Monday presented what felt like a story of one cold streak continuing to fade away while the other only seems to get icier.

The positive side: Henrik Lundqvist might just be working through that slump.

The New York Rangers beat the Los Angeles Kings 3-2 on Monday, and it wasn’t a walk in the park for Lundqvist. He made 36 out of 38 stops, giving him a personal three-game winning streak in which he’s allowed just four total goals.

Some of those stops were pretty impressive, too:

(He also shut down a Jeff Carter breakaway, which is obviously no easy task.)

While Lundqvist is getting it together, the Kings might just be a little worried after dropping their fourth straight loss.

They’re at 48 points in 47 games, leaving them three points behind the West’s two wild card teams and two behind the Canucks.

The Kings have experience fighting through challenges like these, but they’ve also fallen short of getting into the West’s top eight, and their schedule is awfully road-heavy:

Tuesday: at Devils
Thursday: at Hurricanes
Tuesday, Jan. 31: at Coyotes
Wednesday, Feb. 1: vs.
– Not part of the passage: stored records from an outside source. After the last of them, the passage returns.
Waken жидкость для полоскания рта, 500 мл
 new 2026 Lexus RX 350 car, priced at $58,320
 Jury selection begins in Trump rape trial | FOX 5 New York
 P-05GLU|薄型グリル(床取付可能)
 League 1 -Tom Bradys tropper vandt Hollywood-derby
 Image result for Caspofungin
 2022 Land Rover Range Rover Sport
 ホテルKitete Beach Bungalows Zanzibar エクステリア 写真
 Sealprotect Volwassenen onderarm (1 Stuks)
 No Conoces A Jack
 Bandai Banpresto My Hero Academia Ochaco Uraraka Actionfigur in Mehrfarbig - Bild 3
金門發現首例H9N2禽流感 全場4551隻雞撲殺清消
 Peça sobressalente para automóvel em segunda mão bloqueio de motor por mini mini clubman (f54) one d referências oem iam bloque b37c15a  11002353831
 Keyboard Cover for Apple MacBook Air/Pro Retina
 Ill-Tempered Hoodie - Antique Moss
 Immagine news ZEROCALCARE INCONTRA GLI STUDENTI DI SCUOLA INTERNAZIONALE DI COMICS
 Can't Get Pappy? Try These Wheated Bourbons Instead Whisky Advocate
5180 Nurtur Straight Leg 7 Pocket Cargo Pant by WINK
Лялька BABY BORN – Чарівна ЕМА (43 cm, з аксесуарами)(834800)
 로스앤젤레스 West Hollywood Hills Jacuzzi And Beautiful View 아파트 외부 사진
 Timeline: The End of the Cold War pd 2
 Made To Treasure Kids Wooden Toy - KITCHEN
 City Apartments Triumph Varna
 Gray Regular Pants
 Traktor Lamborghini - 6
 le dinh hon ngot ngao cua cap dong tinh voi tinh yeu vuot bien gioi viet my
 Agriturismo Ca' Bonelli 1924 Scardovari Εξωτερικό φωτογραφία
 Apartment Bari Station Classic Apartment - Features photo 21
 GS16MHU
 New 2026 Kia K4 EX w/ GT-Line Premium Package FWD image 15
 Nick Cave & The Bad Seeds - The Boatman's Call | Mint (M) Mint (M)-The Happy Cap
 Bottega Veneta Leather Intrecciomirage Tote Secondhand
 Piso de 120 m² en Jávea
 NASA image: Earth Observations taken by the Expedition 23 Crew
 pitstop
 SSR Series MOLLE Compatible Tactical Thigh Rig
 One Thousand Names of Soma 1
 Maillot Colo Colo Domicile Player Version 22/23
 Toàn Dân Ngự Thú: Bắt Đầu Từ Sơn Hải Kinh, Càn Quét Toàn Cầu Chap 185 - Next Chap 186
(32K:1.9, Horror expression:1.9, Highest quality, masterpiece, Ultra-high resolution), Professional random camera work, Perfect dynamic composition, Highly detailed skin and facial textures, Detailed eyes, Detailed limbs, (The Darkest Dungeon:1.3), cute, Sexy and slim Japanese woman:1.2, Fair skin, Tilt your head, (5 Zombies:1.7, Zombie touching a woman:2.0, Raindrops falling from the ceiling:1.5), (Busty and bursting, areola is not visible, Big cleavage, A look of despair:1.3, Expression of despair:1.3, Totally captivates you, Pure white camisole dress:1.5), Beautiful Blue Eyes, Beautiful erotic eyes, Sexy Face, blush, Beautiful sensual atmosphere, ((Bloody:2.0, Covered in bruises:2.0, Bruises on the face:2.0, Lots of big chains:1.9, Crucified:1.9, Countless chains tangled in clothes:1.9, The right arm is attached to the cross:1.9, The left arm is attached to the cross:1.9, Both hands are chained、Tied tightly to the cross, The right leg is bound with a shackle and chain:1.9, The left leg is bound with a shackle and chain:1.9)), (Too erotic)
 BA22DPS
Avalanche
Saturday, Feb. 4: at Flyers
Sunday, Feb. 5: at Capitals
Tuesday, Feb. 7: at Lightning
Thursday, Feb. 9: at Panthers

Some of those opponents are struggling and the All-Star break might allow for a breather, but that could still be a problematic stretch, especially if the Kings are in a fragile state.

Then again, if they look at Lundqvist’s upward trend, they can note that fortunes can change pretty quickly in 2016-17.